The old Bohr model of that atom was too discrete a description of the hydrogen atom; the electron was just a point mass and the orbits were bureaucratically constrained in an ad hoc way. Clearly, they could have been constrained in other ways: this discrete model was just adjusted to agree with a pattern of the hydrogen spectrum. It had some OK features but it was obviously naive. A better theory, quantum mechanics, used a continuous wave in 3+1 dimensions. The same theory applied to many bodies has to use wave functions in many more dimensions. In some sense, they're more continuous than the 3+1-dimensional waves. Quantum field theory uses an even more continuous description - the wave functional depends on infinitely many degrees of freedom. In some sense, string theory goes even one step further but it can regulate the exploding complications.
In many situations, the Hilbert space may be produced by a discrete basis, and so on. But the precise energies etc. of an energy eigenstate basis have the values they have only because there is a fundamental continous explanation. If the discrete description were the last word, the energies of all the states and the interactions of objects could be changed in infinitely many ways.
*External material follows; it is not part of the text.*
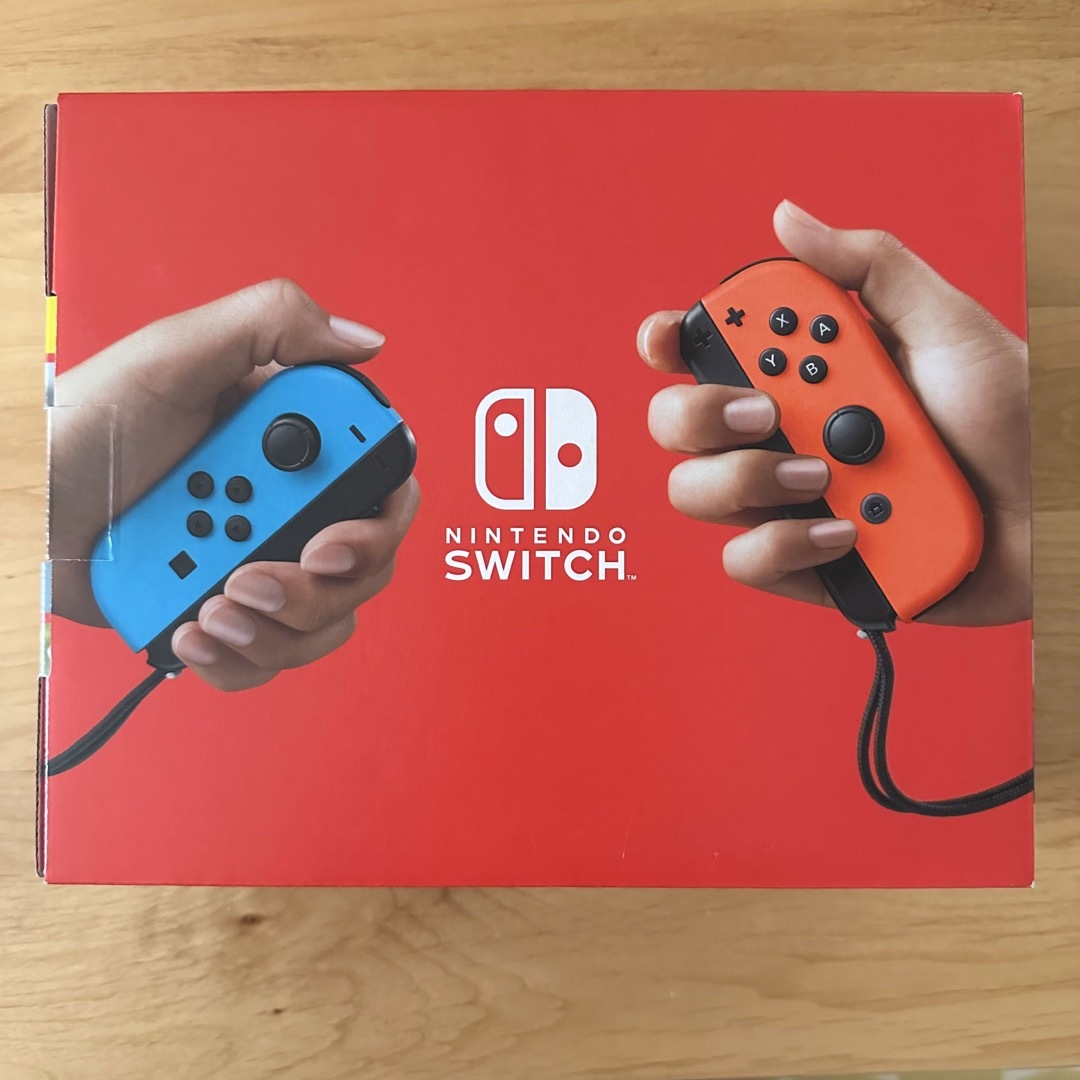 Nintendo Switch(ニンテンドースイッチ)のNintendo Switch Joy-Con(L) ネオンブルー/(R) ネオ エンタメ/ホビーのゲームソフト/ゲーム機本体(家庭用ゲーム機本体)の商品写真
So there will always be an interplay between discrete and continuous objects in physics. But it's always the case that when your description looks fundamentally discrete at some level, it's because you haven't understood it well enough yet. The same message works in pure mathematics, too. There are interplays between number theory and complex functions. But the complex functions - such as the Riemann zeta function - are the "more fundamental" perspective on these common problems. It becomes even more obvious if some of the continuous parameters - the physics' counterparts of the zeros of the Riemann zeta function - can actually be measured.